To protect sensitive patient data, they have also developed their own techniques for anonymizing and pseudonymizing images and medical reports using a Natural Language Processing (NLP) model, whereby anonymized data can be replaced by synthetic values. Following their technique, facial information from brain MRIs can be erased using open-source deep learning software.

BIMCV: Medical Imaging Bank of the Valencian Community

One of the major milestones of the Regional Ministry of Universal Health and Public Health, through the Foundation and the San Juan de Alicante Hospital, is the creation and maintenance of the Medical Imaging Bank of the Valencian Community, BIMCV (Medical Imaging Databank of the Valencia Region in English), a repository of knowledge aimed at achieving "technological advances in medical imaging and providing technological coverage services to support R&D projects," as explained on their website.

BIMCV is hosted on XNAT, a platform that contains open-source images for image-based research and is accessible by prior registration and/or on-demand. Currently, the Medical Imaging Bank of the Valencian Community includes open data from research conducted in various healthcare centers in the region, housing data from over 90,000 subjects collected in more than 150,000 sessions.

New Dataset of Radiological Images

Recently, the FISABIO-CIPF Biomedical Imaging Unit and the Prince Felipe Research Center (FISABIO-CIPF) released in open access the third and final iteration of data from the BIMCV-COVID-19 project. They released image data of chest radiographs taken from patients with and without COVID-19, as well as the models they had trained for the detection of different chest X-ray pathologies, thanks to the support of the Regional Ministry of Innovation, the Regional Ministry of Health and the European Union REACT-EU Funds. All of this was made available "for use by companies in the sector or simply for research purposes," explains María de la Iglesia, director of the unit. "We believe that reproducibility is of great relevance and importance in the healthcare sector," she adds. The datasets and the results of their research can be accessed here.
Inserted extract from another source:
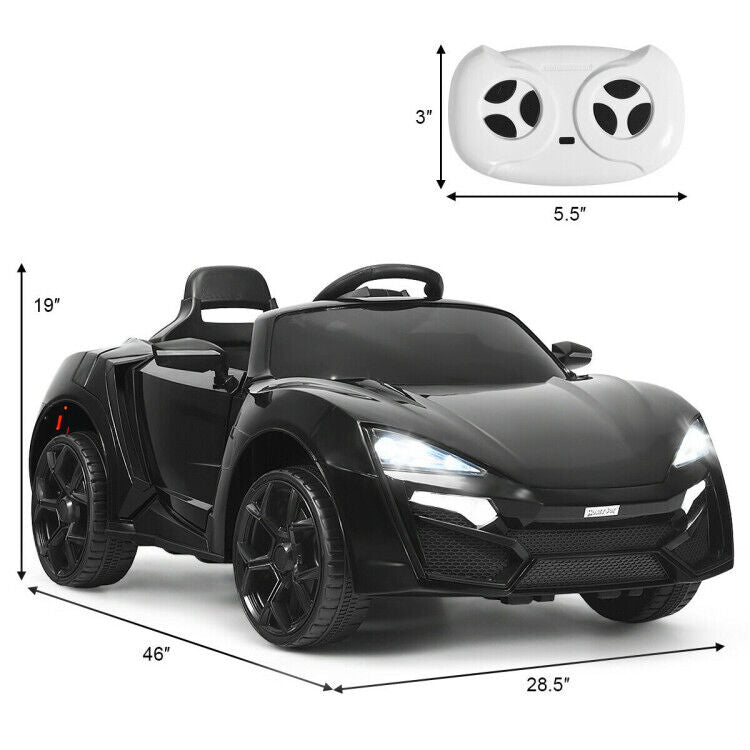 2.4G RC Electric Vehicle with Lights - 12V Power for Endless Fun!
The findings are mapped using the standard terminology of the Unified Medical Language System (UMLS), as proposed by the results of Dr. Aurelia Bustos' doctoral thesis, an oncologist and computer engineer. They are stored in high resolution with anatomical labels in a Medical Image Data Structure (MIDS) format. Among the stored information are patient demographic data, projection type, and imaging study acquisition parameters, among others, all anonymized.

The contribution that such open data projects make to society not only benefits researchers and healthcare professionals but also enables the development of solutions that can have a significant impact on improving healthcare. One of these solutions can be generative AI, which provides interesting results that healthcare professionals can consider in personalized diagnosis and propose more effective treatment, prioritizing their own judgment.
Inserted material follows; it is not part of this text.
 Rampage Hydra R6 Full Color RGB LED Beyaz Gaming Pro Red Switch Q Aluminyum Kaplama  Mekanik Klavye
On the other hand, the digitization of healthcare systems is already a reality, including 3D printing, digital twins applied to medicine, telemedicine consultations, or portable medical devices. In this context, the collaboration and sharing of medical data, provided their protection is ensured, contribute to promoting research and innovation in the sector. In other words, open data initiatives for medical research stimulate technological advancements in healthcare.

Therefore, the FISABIO Foundation, together with the Prince Felipe Research Center, where the platform hosting BIMCV is located, stands out as an exemplary case in promoting the openness and sharing of data in the field of medicine. As the digital age progresses, it is crucial to continue promoting data openness and encouraging its responsible use in medical research, for the benefit of society.